Curiosity, patience, and healthy skepticism are traits all good students or dabblers have. Curiosity motivates a person to learn, while patience allows them to get deep into a subject. Healthy skepticism forces a person to follow arguments to their conclusion and protects them from falling prey to naivety. Together, patience and a healthy skepticism also help restrain hyper and unfocused curiosity. Not allowing a person to jump from one topic to another. These three traits are something life long learners should work on. Because it’s a necessary condition for gaining competency and eventually mastery.
You Have to Read Books
Immature learners prefer watching videos and talking to others to learn. Because they perceive reading and writing to be too much effort. Although watching videos and talking to others are valuable parts of the multi-media approach you should take to learn (i.e. “marinating in the sauce”); they are deficient in the rigor and depth books like Ludwig von Mises’ Human Action have. Because there is a categorical difference between books written by masters and the masters speaking in videos or in lectures. Authors operate in a highly focused mental state companied by the luxury of time, which allows for precision that speaking live rarely can. A thirty-five-minute video lecture can only hope to capture the gist of a lesson. And the elaboration of the gist the lecturer is trying to capture and then convey to you is almost always in writings they complete prior to lecturing! It’s not until you start marinating in the sauce that you begin to experience the weight of the words in the video. Simply put, only watching videos and talking to others is a shallow way to learn, which will leave many motivated and good faith individuals frustrated and confused.
The Frustrations of an Immature Learner
The immature learner demands videos and causal conversations to provide them with the same deep knowledge that can only come by way of marinating in the sauce. This results in frustration with the material and their interlocutors because the nature of their chosen mediums cannot provide them what they want. For example, they hear about the Economic Calculation Problem (ECP) and the challenges it poses to central planning and interventionism. They find their way to a couple Mises Media videos, the Wikipedia article, and have a few conversations. But because they haven’t first learned the fundamentals of human action and how money prices form, for consumer goods and the factors of production, they develop a misunderstanding of the topic. Naturally the learner asks tons of questions to the person they are speaking with. But their ignorance and curiosity force them to ask for definitions and explanations on nearly everything. And although ensuring all participants in a conversation are speaking the same language is vitally important; the immature learner is more like a child who needs a dictionary to understand every other word of a book they are reading. Thus, turning the conversation into a waste of time. In a way, the learner needs to learn the words. After all, they are trying to join a conversation that started long before them and will continue long after them. They think they can mosey on up, with raw enthusiasm and skepticism, then tame the subject. They can’t. As a result, they develop a negative attitude towards those they are speaking with and listening to. This includes institutions. Especially because they are constantly being told they need to read and study more. But they don’t understand because they feel they are accomplishing the task of critical thinking. Because they equate constantly asking for definitions and challenging concepts that where just explained to them for critical thinking. And when the random person the learner is speaking to can’t magically transmit their knowledge and wisdom about economics in a session or two, they blame the person and the subject. They don’t take responsibility for their learning. Hence why they are immature learners.

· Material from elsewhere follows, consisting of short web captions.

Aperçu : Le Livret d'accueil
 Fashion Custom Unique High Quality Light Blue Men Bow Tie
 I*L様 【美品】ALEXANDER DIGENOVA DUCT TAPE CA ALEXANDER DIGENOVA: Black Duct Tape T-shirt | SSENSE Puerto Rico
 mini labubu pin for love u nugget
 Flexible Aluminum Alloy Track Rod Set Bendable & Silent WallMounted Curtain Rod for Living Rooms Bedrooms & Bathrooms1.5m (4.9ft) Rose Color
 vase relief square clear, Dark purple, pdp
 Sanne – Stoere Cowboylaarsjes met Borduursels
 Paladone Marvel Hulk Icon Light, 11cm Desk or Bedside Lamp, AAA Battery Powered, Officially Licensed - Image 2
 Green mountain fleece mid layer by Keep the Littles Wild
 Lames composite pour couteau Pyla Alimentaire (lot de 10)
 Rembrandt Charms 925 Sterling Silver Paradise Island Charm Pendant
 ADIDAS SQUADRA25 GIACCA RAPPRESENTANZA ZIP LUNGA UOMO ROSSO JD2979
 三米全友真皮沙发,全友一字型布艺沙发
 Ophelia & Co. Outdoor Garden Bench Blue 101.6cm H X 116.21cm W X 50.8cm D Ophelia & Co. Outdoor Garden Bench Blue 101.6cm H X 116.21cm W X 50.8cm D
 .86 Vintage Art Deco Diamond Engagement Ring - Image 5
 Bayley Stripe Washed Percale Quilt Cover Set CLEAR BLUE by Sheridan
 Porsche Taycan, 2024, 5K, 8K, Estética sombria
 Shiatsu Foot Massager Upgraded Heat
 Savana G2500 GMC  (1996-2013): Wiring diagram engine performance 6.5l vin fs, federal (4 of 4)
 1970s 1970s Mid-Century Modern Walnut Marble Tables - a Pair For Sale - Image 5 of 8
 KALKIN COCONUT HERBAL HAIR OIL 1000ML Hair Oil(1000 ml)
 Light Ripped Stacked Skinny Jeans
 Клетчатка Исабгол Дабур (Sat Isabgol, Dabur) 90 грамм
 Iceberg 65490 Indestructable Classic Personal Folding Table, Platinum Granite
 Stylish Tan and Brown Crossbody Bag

Another area of frustration is their curiosity and unhealthy skepticism. They hop from one topic to the next without getting in to any depth. In large part due to their lack of patience as described above. They choose shallow mediums like talking to others or watching videos because the transaction cost to switch to a new topic is low. Whereas taking a class or buying and reading a book requires some sacrifice. Simply put, if they don’t like what’s on the channel, they can just change it with one click. And because they don’t get the depth that they want from the shallow mediums, are frustrated, and want to learn, they having something they are running from and running to, to motivate them to change the channel. Its inevitable. This paired with an unhealthy skepticism can ensure they won’t learn. Why bother exploring the logic of human action, when they don’t even know humans have minds? Unhealthy skepticism is an excuse not to learn. The hipster intelligentsia is particular archetype of the over curious hyper skeptical type. But there is a too cool contrarian element as they are constantly searching for the next most obscure article or theory. They seem more interested in collecting and publicly displaying their next pseudo-academic interest like a trophy than taking the time to acquire knowledge. They are information collectors, who hold a wide breath of information but with no depth. This would be fine if they considered themselves dabblers, but the hipster intelligentsia usually takes themselves seriously. Undeservedly so. The excessive jumping around causes frustrations in the hipster intelligentsia because they are unsatisfied. They aren’t grounded and thus do not see reality for what it is. Jumping from one topic to the next, they are like a leaf in the wind. The wind being whatever is in reaction to the moment and thus in fashion to learn and display publicly.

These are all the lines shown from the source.